One type of photography is self-prominent. The muddy camp at dawn, the crammed rubber dinghy, and the child caught in the middle of crying are all familiar to you. It is effective because it is real and because people are moved by suffering when it is presented on a suitable scale. However, it also flattens. Before they become people, the men and women in those pictures become symbols, and whatever made them unique is removed somewhere between the shutter click and the front page.
Tim Smyth took a different approach. His series, My Son’s Absence, which was created during a residency associated with the Festival Dei Due Mondi in Spoleto, originated from something far less glamorous than crisis photography: lengthy discussions in the suburbs of a hill town in central Italy with men who had traveled to Europe from Niger, Togo, Guinea, Nigeria, and Sierra Leone and were now living quietly on the outskirts of a location that most tourists go to hear opera. He didn’t take any pictures of the trip. He took pictures of what followed and what appeared on those faces after they had stopped moving.
Just the title does some worthwhile work. The absence isn’t presented as a disaster. It is presented as the typical grief of a father—the particular, domestic pain of a son who is away. The whole point of contention is that change in register. Smyth is refusing to use displacement as a spectacle in his narrative. Instead, he is arguing that these men bear the same burden that everyone bears when a loved one lives far away. Whether you find that generous or reductive likely reflects your preconceived notions about immigrants.
Knowing where this fits into Smyth’s larger body of work is helpful. He is the same photographer who spent more than a year transporting malformed carrots from a North Yorkshire farm to a studio in London, where they were arranged under controlled light with the kind of attention typically given to portraiture. These pictures are now part of Yale’s and MoMA’s permanent collections. Fundamentally, the Defective Carrots project was about visibility: what is considered worthy of careful examination and what is classified as defective. The question posed by My Son’s Absence is nearly the same. The topics shift. The investigation doesn’t.

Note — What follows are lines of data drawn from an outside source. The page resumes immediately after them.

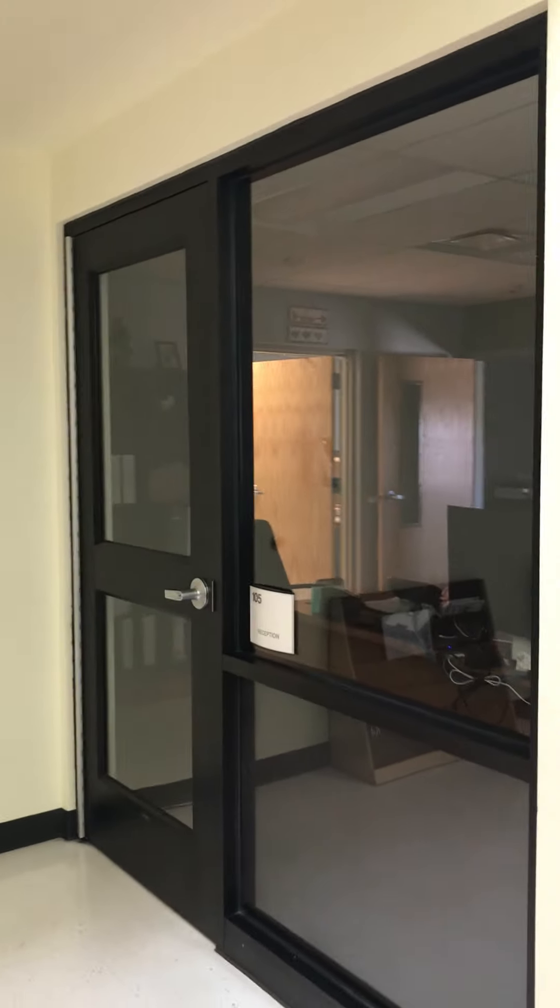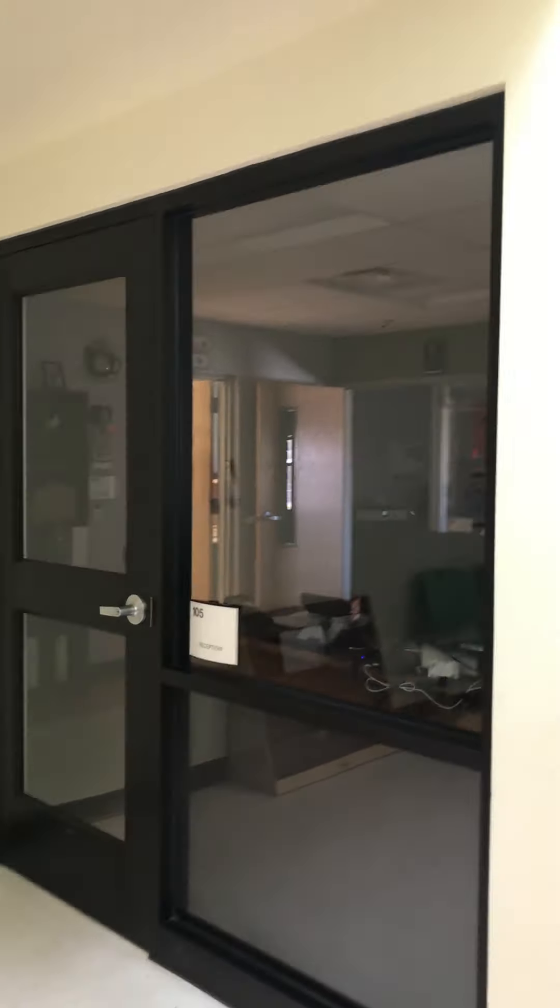Hello, future Los Ninos students and families. My name is Kelly Miller. I'm the principal at Los Ninos. Ms. Juliana Garcia, our office manager, is helping me with this video today and we're going to bring you inside and give you a sneak peek of what you have to look forward to next year.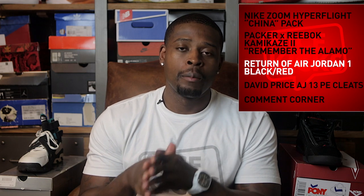I want to give you a little background on the shoe because, as I said last episode, knowing the history is important to appreciate the shoe. Let me know what you think of this Packer Kamikaze 2 — 'Remember the Alamo' — I think they're dope and I personally want a pair. Also let me know if you're looking for the Columbia 11s to come back. Some people don't like them, which is a surprise to me, but let me know what you think.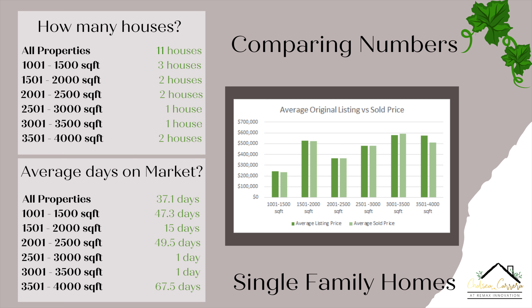From 1,501 to 2,000 square feet, we had two properties sold. From 2,001 to 2,500 square feet, we had two properties sold. From 2,501 to 3,000 square feet, we had one property sold. From 3,001 to 3,500 square feet, we had one property sold. And from 3,501 to 4,000 square feet, we had two properties sold.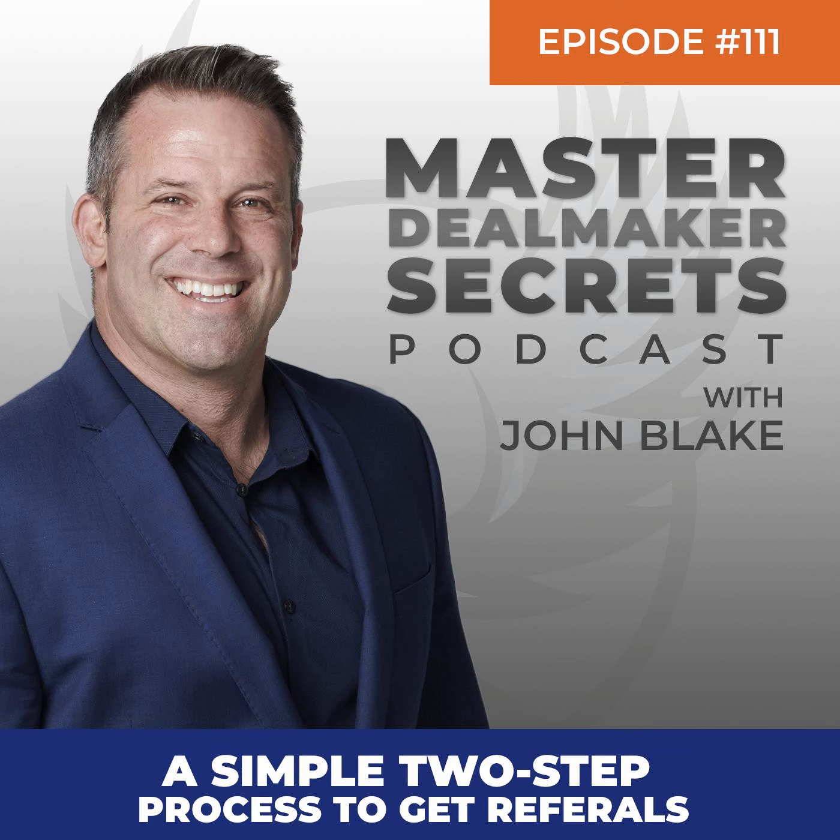Welcome to the Master Dealmaker's Secrets Podcast. And now, here's sales growth strategist, John Blake. Welcome to Master Dealmaker's Secrets. I'm John Blake. This is episode 111.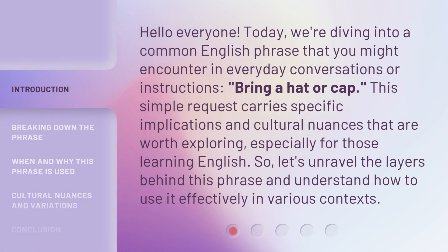Hello everyone. Today, we're diving into a common English phrase that you might encounter in everyday conversations or instructions: bring a hat or cap. This simple request carries specific implications and cultural nuances that are worth exploring, especially for those learning English. So, let's unravel the layers behind this phrase and understand how to use it effectively in various contexts.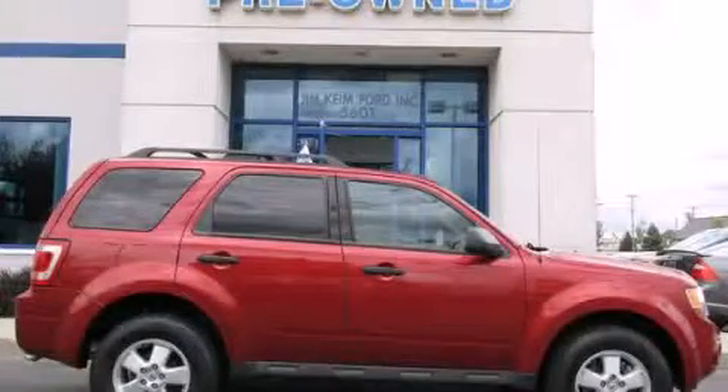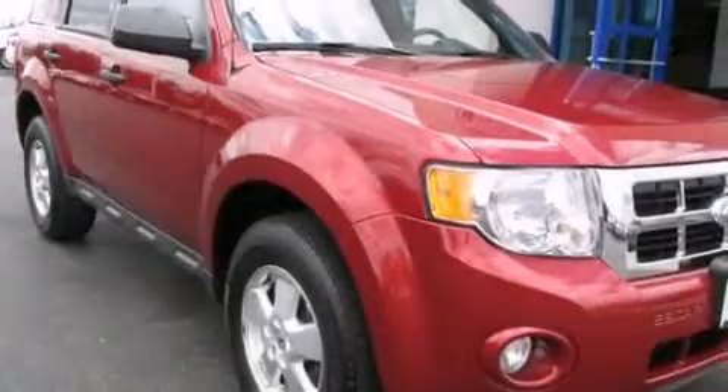This is a certified pre-owned 2012 Ford Escape. Safety, space, and comfort.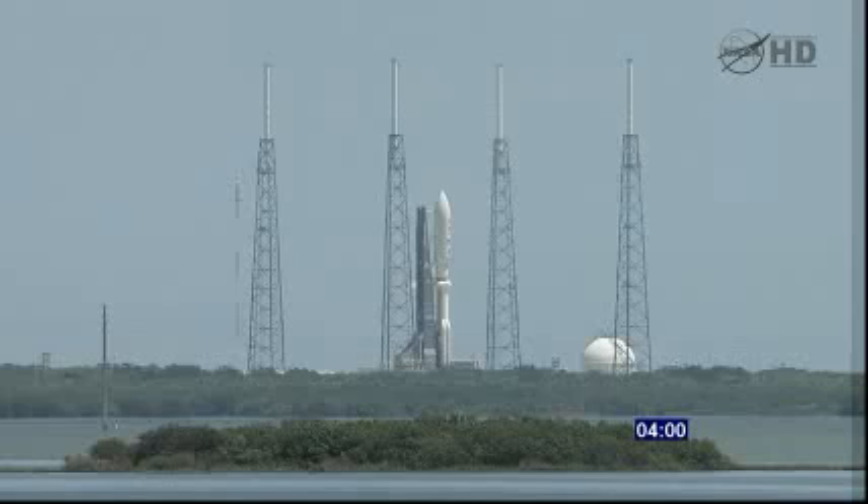T-minus 25 seconds. We'll get the final go from both Atlas and Centaur. Flight termination system is armed. 1:50. Orca's armed. FCS count started. 1:15. Reduce ECS for launch. Roger. 1:10. Vent belts locked.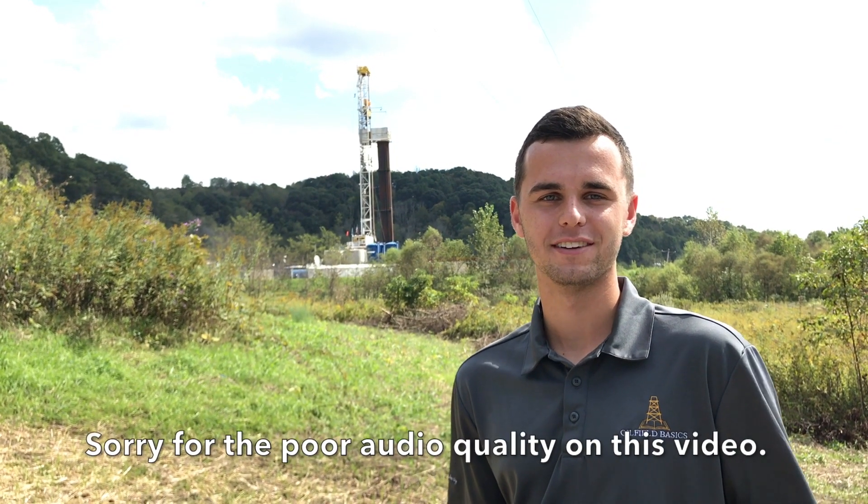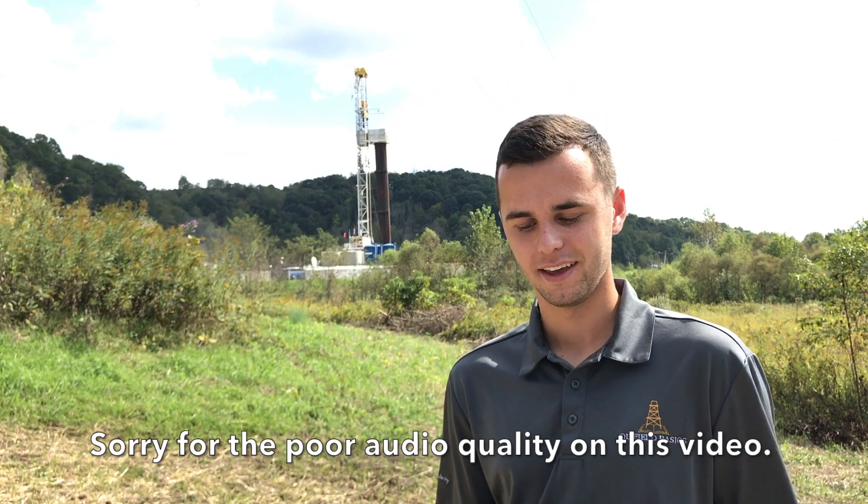Hello everyone, my name is Sebastian Shia, co-founder of Boatfield Basics. Thanks for tuning in to another one of our videos and today I will be discussing with you basics of the Appalachian Basin.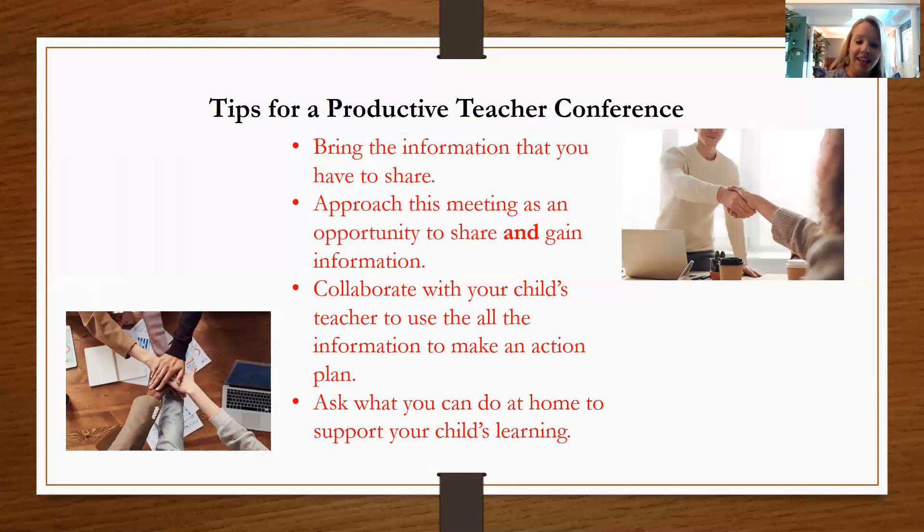I hope this helped. If you'd like to join us, our next video will be focusing on intervention, and I'm going to introduce you to a little acronym called RTI.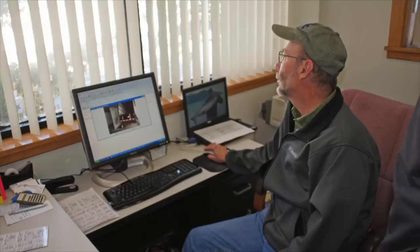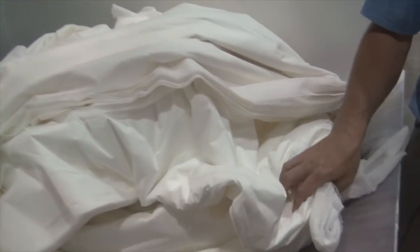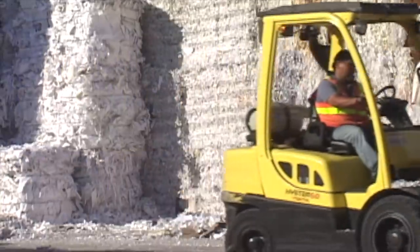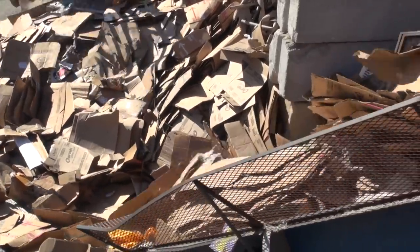Our service begins with a waste audit to understand our client's unique waste stream — what is particular to your process. We identify each material and its volume in order to estimate the value and the costs associated with handling them.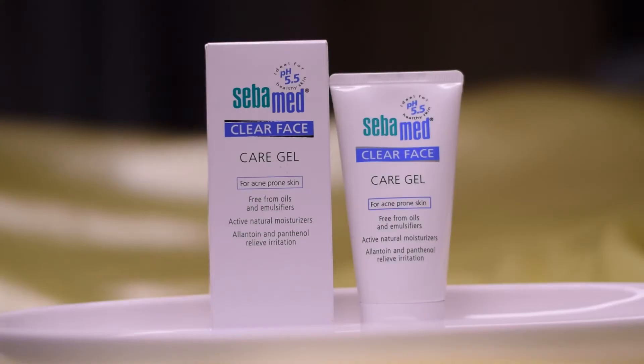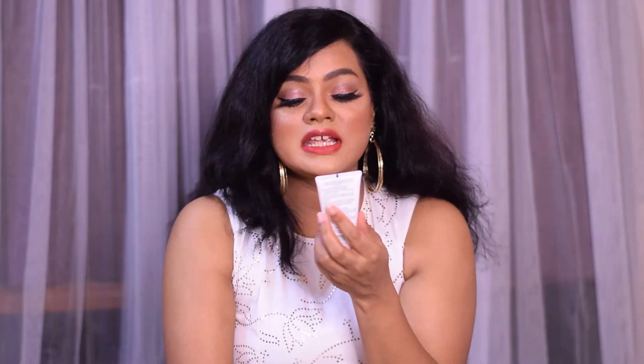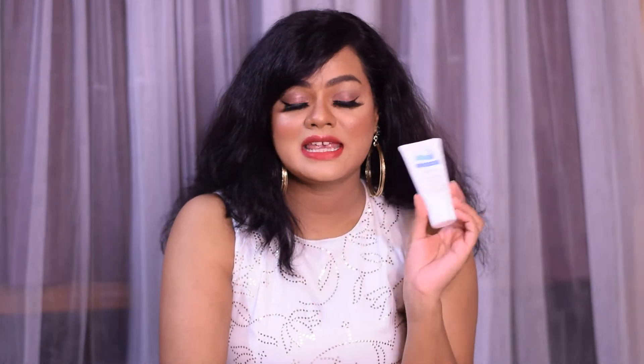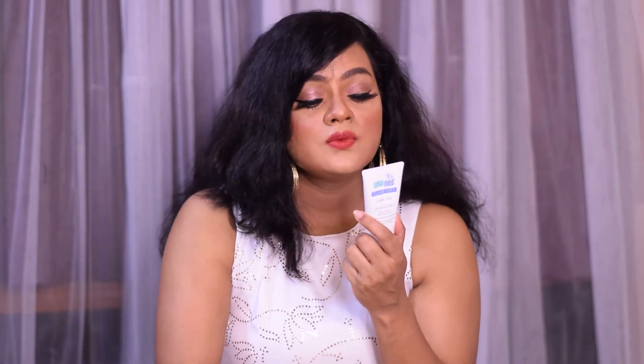The first moisturizer I'm going to talk about is the Cevamid Clear Face Care Gel. This is what the outer cardboard packaging looks like, and this is the inner packaging of the face gel. This face gel retails for Rs. 476 and you get 50 ml of product. The Cevamid Clear Face Care Gel is meant for acne-prone skin; it is free from oils and emulsifiers, contains active natural moisturizers, and is ideal for pH 5.5 healthy skin. It is enriched with hyaluronic acid and aloe vera, which provide intense moisturization.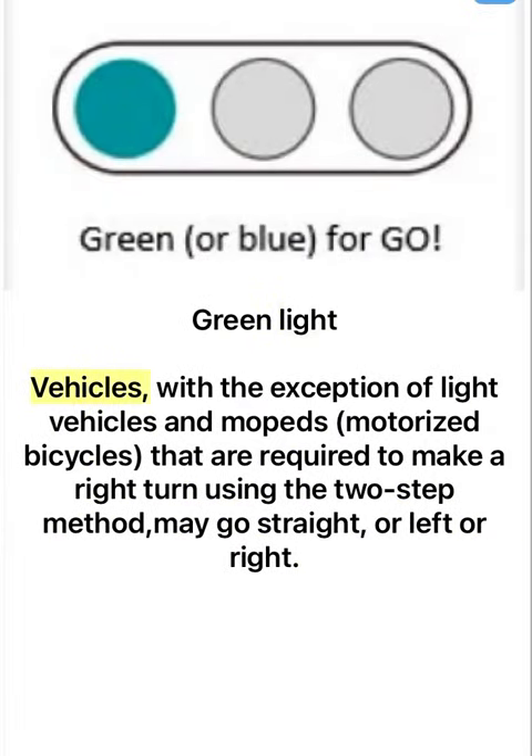Green light. Vehicles, with the exception of light vehicles and mopeds, and motorized bicycles that are required to make a right turn using the two-step method, may go straight, or left or right.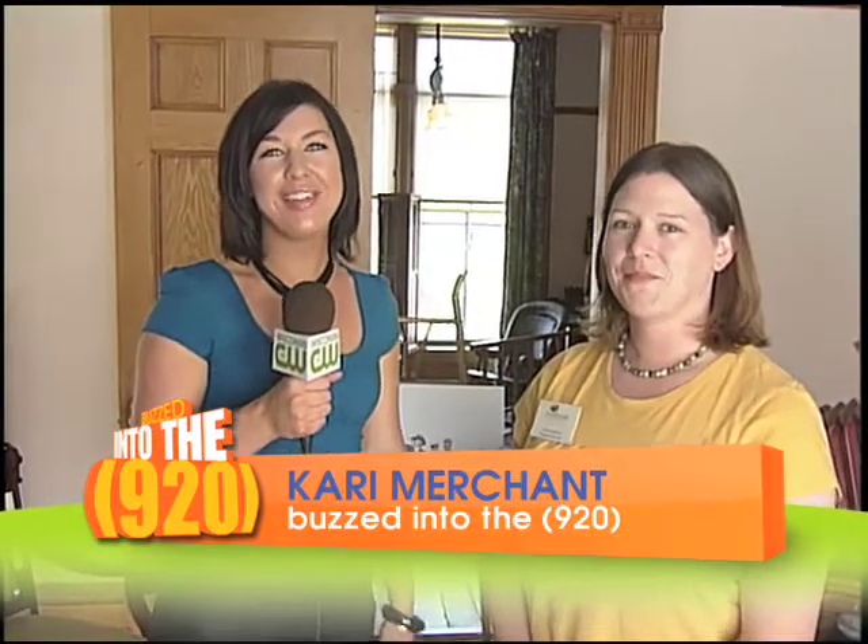Hi, I'm Carrie Merchant with Buzzed into the 920. I'm at the Hearthstone Museum in Appleton with Andrea today. Can you explain what's special about this museum? Sure — it's actually the first house in the world to be lit by electricity, and it's actually hydroelectricity. There was a plant just down the river on the Fox River that not only gave electricity to the mill but also to this house.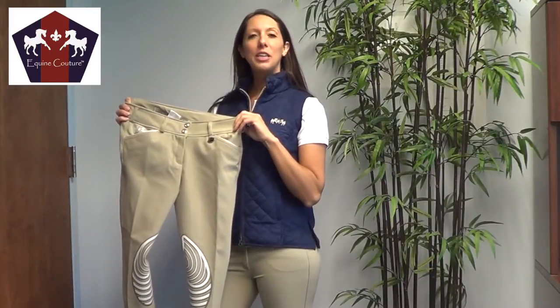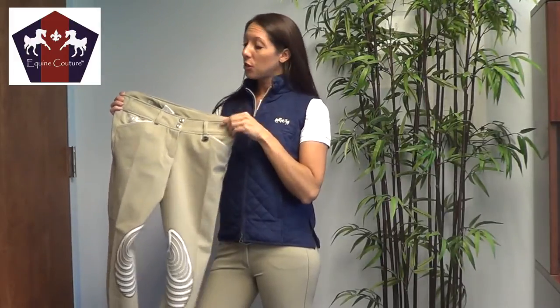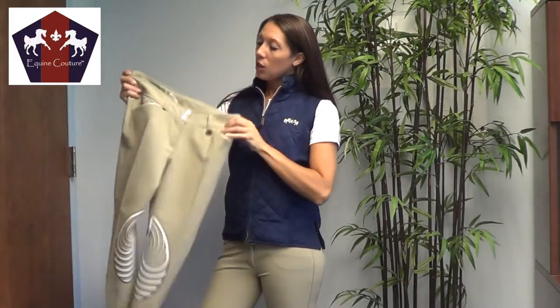Hi, I'm Sarah from Equine Couture, here today to talk to you about our new Brittany breech. This modern looking breech features a wide waistband, two front pockets with contrast stitching, a zip front, and also two jeweled buttons.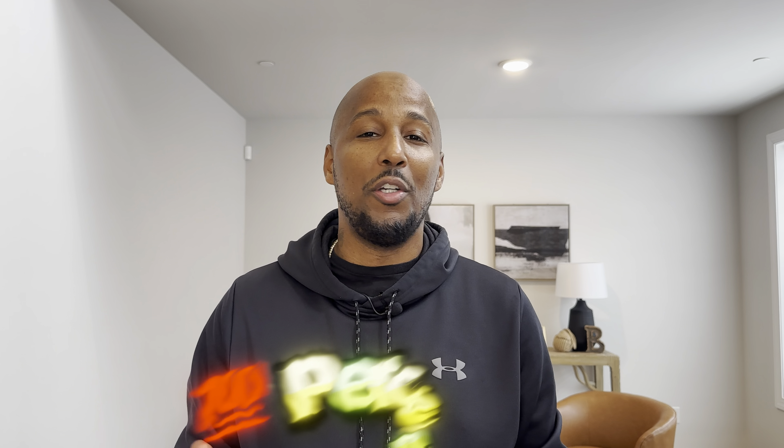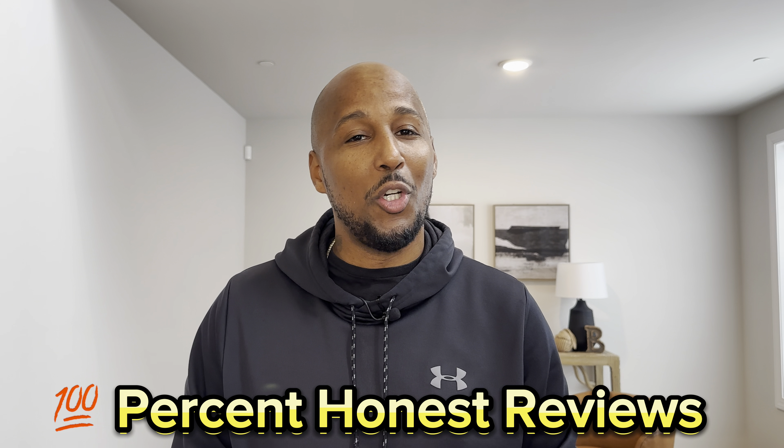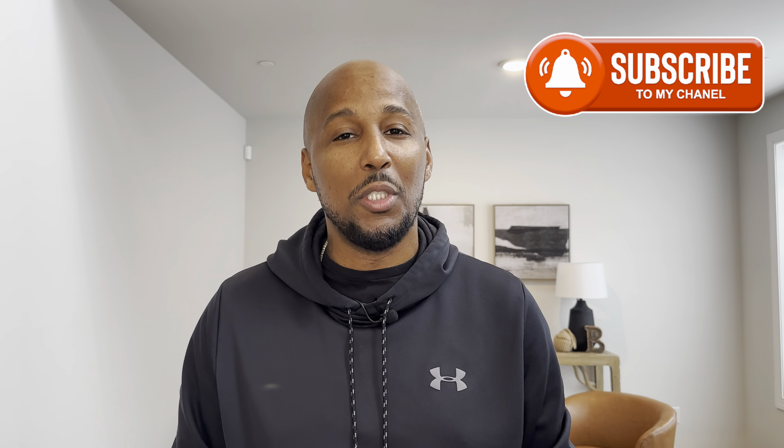What's up everybody? Welcome back. You are now tuned in with the king of scents. On this channel, all you're going to get is that real — I'm not here to waste your time or your money. And if you don't know by now, you're going to find out today. If you like my channel, hit that subscribe button and turn those bell notifications on to know when I upload new videos. Now let's go ahead and get into it.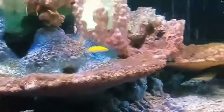We are going to see a fish aquarium in our laboratory. How do you see this fish aquarium in our laboratory?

By documentary standards, Smyth’s approach to the Spoleto migrants was slow. No sense of a deadline forming the frame, no hurried access. He took his time, which seems obvious when you think about how infrequently it actually occurs. The majority of migration-related photojournalism revolves around movement, including crossing, arriving, and being intercepted. The pause piqued Smyth’s curiosity. When a conversation about a son back home has been going on for an hour, men appear as though they have stopped moving and are now waiting. There’s a feeling that only that level of patience could have produced the images. The level of attention they carry cannot be replicated.
When it comes to vulnerability, photography is always faced with the question of whether the subject is served or consumed by the camera. With only access and equipment, Magnum photographer Mark Power once said he felt “helpless” while filming refugee camps. Smyth avoids that paralysis without acting as though it doesn’t happen. He appears to understand that taking a picture of someone’s grief is never just a picture; it’s also a transaction, and the fact that the intention was good doesn’t make it any less morally significant. It’s still unclear if My Son’s Absence completely eases that tension. It refuses to disregard it.
When you see the work, the ordinariness is what sticks with you. The men are not performing suffering. When someone has consented to be photographed by someone they have actually spoken to, they are present in the picture in the same way. It’s a minor issue. It has a huge impact. Smyth’s series is doing something more subdued and likely less viral in a media landscape that values scale and intensity: it is arguing that a father missing his son is sufficient news.